2. Siapa sajakah Pemimpin?

            Bukhari, Muslim, dan Turmudzi meriwayatkan, dari Abdullah bin Umar ra berkata “saya mendengar Rasulullah SAW Bersabda: masing-masing kamu adalah pemimpin dan masing-masing kamu adalah bertanggung jawab atas kepemimpinannya. Seorang imam adalah pemimpin dan akan dimintain pertanggung jawaban atas kepemimpinannya. Seorang laki-laki adalah pemimpin dalam keluarganya dan bertanggung jawab atas kepemimpinannya. Wanita adalah pemimpin dalam rumahtangga suaminya dan bertanggung jawaban atas kepemimpinannya. Pelayan itu pemimpin atas harta tuannya dan bertanggungjawab atas kepemimpinannya. Ia berkata: saya menduga bahwa Rasulullah SAW bersabda: laki-laki itu pemimpin dalam harta ayahnya dan bertanggungjawab atas kepemimpinannya. Masing-masing dari kamu adalah pemimpin dan bertanggung jawab atas kepemimpinannya.
Hadits tersebut menjelaskan bahwa masing-masing orang baik laki-laki maupun perempuan, tua maupun muda adalah pemimpin yang akan dimintai pertanggung jawabannya. Seorang imam atau pemimpin tingkat apa saja adalah bertanggung jawab akan wilayah kekuasaanya.

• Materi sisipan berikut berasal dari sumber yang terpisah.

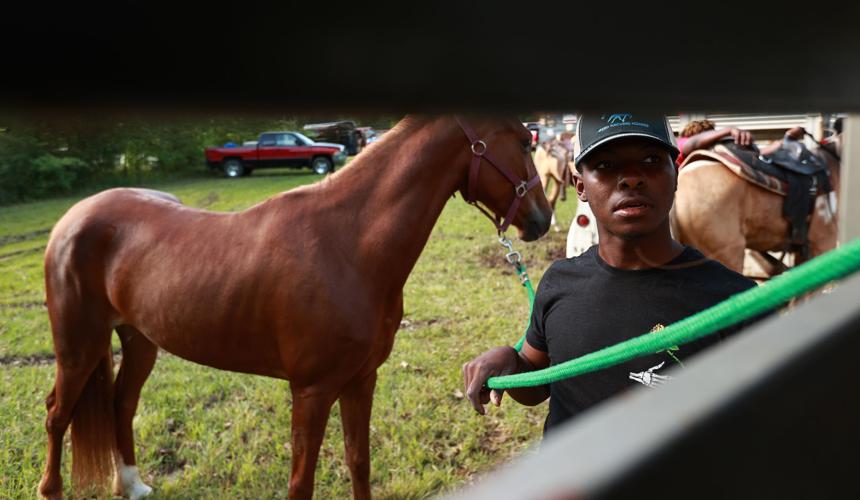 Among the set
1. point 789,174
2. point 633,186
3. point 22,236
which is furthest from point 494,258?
point 633,186

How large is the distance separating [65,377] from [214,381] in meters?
1.60

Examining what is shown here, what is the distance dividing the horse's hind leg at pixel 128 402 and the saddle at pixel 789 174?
3.96 metres

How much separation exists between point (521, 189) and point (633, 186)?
50.1 inches

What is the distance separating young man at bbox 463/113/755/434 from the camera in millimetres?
1467

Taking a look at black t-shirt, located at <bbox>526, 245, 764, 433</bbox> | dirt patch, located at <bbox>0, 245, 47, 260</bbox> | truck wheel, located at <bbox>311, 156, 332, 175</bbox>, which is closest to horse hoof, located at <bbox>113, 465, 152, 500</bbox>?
truck wheel, located at <bbox>311, 156, 332, 175</bbox>

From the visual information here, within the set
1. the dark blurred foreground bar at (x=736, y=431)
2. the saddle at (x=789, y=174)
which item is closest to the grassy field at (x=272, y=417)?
the saddle at (x=789, y=174)

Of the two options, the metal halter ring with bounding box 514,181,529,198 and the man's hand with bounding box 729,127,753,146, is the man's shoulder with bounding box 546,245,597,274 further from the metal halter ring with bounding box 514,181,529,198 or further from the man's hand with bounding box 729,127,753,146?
the man's hand with bounding box 729,127,753,146

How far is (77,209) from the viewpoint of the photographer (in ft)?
10.2

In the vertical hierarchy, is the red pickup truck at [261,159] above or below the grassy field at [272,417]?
above

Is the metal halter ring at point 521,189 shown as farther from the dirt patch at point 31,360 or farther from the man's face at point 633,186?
the dirt patch at point 31,360

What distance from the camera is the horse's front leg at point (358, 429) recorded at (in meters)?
2.82

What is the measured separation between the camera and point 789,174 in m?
4.70

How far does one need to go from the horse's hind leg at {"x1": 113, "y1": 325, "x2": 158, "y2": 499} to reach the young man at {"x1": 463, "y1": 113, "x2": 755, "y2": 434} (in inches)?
94.2

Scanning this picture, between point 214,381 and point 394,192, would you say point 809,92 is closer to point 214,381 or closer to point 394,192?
point 394,192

Ia berkewajiban menegakkan keadilan, menghormati kemerdekaan rakyatnya, bermusyawarah dengan rakyat, mendengarkan kritikan dan keluhan rakyat demi kebaikan jalannya roda pemerintahan, berusaha memakmurkan mereka, menyediakan lapangan kerja, dan memberantas berbagai macam bentuk kemaksiatan.

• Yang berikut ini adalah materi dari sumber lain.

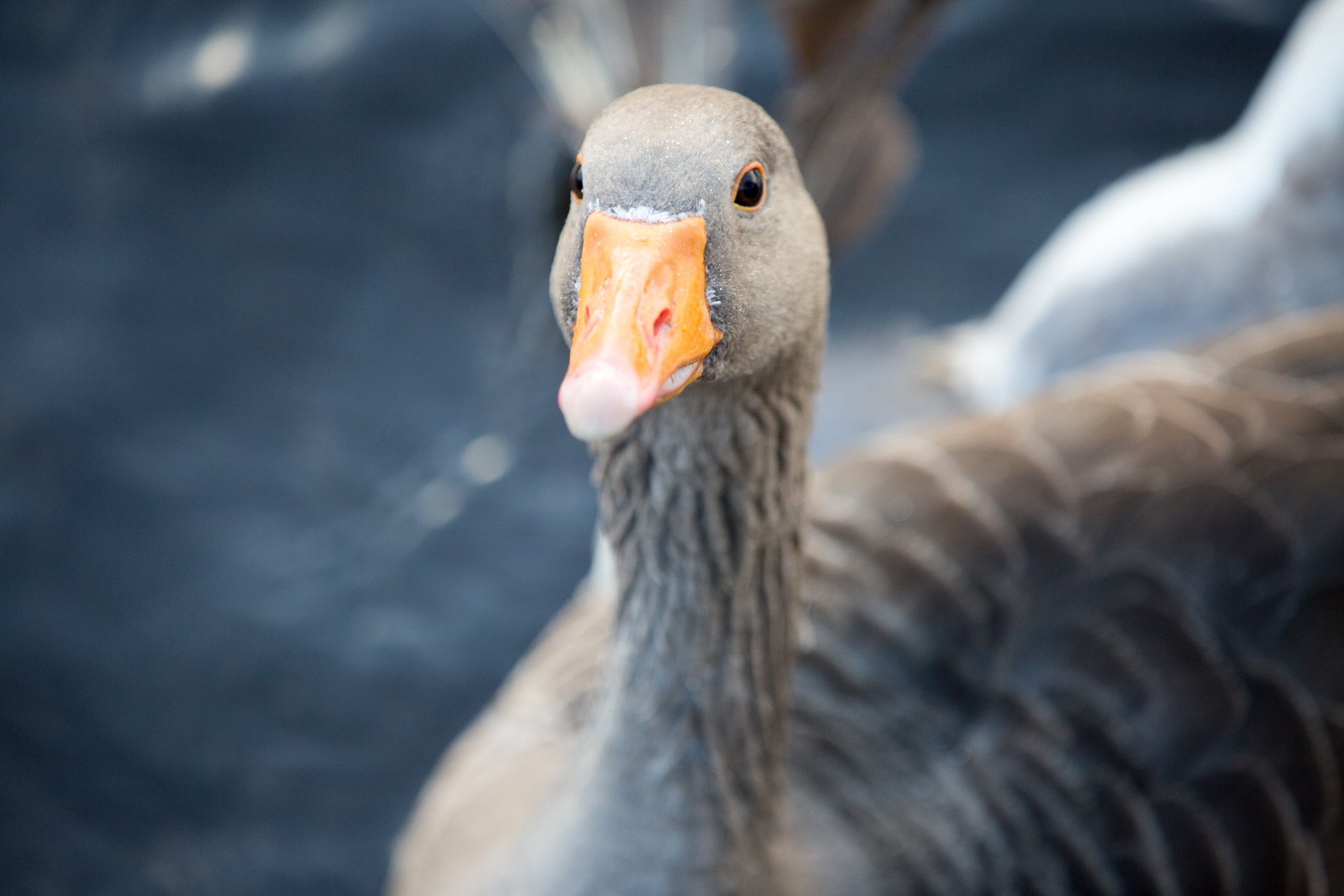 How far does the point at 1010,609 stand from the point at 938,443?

3. Syarat-syarat menjadi Khalifah/ imam
Syarat-syaratnya adalah sebagai berikut:
  1. beragama islam
  2. memiliki ilmu pengetahuan yang luas
  3. mampu melaksanakan pengawasan terhadap aparatur pemerintahan, dan pelaksanaan hukum, dan peraturan perundang-undangan yang berlaku
  4. adil dalam arti luas, yakni mampu melaksanakan seluruh kewajiban dan menjauhi seluruh larangan serta dapat memelihara kehormatan dirinya
  5. anggota badan dan panca inderanya tidak cacat
  6. dipilih oleh Ahlul Halli wal Aqdi melalui permusyawaratan.
4. Pengangkatan imam/ khalifah
Dalam sejarah islam ditemukan cara-cara pengangkatan khalifah sebagai berikut:
  1. Pengankatan khalifah melalui para pemimpin umat islam
  2. Pengangkatan khalifah melalui usulan khalifah terdahulu
  3. Pengankatan khalifah  yang melalui pemilihan umum yang langsung dilakukan oleh seluruh rakyatnya.

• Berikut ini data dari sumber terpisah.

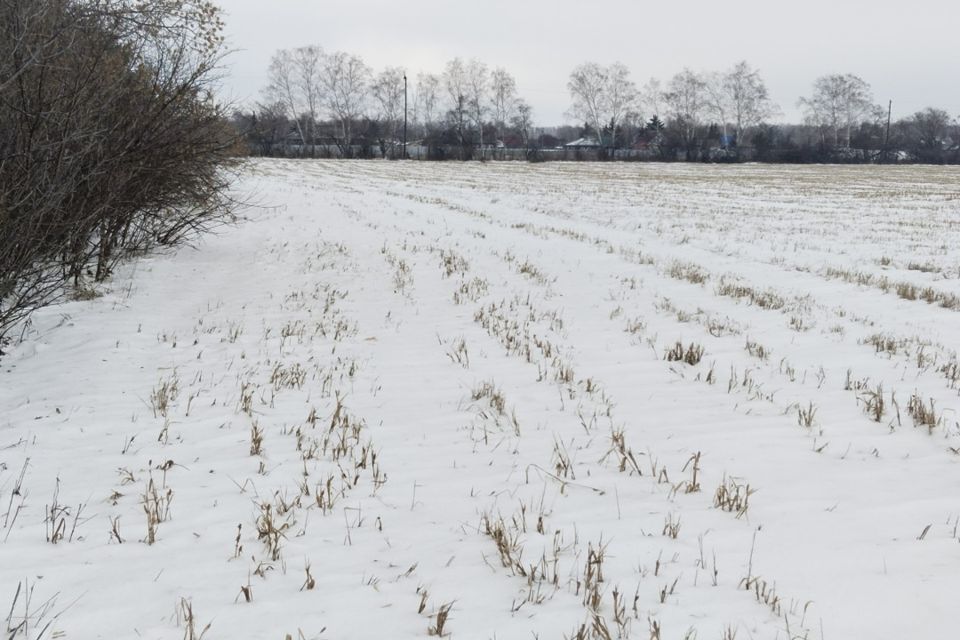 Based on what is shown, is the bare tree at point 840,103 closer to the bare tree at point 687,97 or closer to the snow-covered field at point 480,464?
the bare tree at point 687,97

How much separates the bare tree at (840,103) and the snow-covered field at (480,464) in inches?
3972

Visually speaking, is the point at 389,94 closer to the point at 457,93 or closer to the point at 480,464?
the point at 457,93

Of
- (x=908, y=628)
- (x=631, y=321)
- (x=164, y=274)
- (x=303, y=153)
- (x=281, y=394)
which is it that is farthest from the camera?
(x=303, y=153)

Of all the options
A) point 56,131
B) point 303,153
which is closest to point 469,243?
point 56,131

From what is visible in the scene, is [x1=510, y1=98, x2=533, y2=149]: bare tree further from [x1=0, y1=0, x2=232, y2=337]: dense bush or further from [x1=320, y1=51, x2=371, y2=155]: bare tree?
[x1=0, y1=0, x2=232, y2=337]: dense bush

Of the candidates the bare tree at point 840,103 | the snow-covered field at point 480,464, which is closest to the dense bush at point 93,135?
the snow-covered field at point 480,464

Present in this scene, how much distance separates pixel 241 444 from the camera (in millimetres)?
3850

  4. Pengangkatan khalifah melaui persetujuan rakyatnya karena dianggap telah berjasa dalam mengembangkan islam ke suatu wilayah.
Dengan demikian dapat disimpulkan bahwa pengangkatan khalifah dapat dilakukan dengan dua cara, yaitu:
  1. pemilihan langsung yang melibatkan seluruh rakyatnya
  2. pemilihan secara tidak langsung yang melibatkan Ahlul Halli wal Aqdi yang berhak menentukan atau menetapkan hal-hal yang berkaitan dengan kepentingan umat islam.
5. Kepemimpinan di Indonesia, Apakah Indonesia Negara Islam?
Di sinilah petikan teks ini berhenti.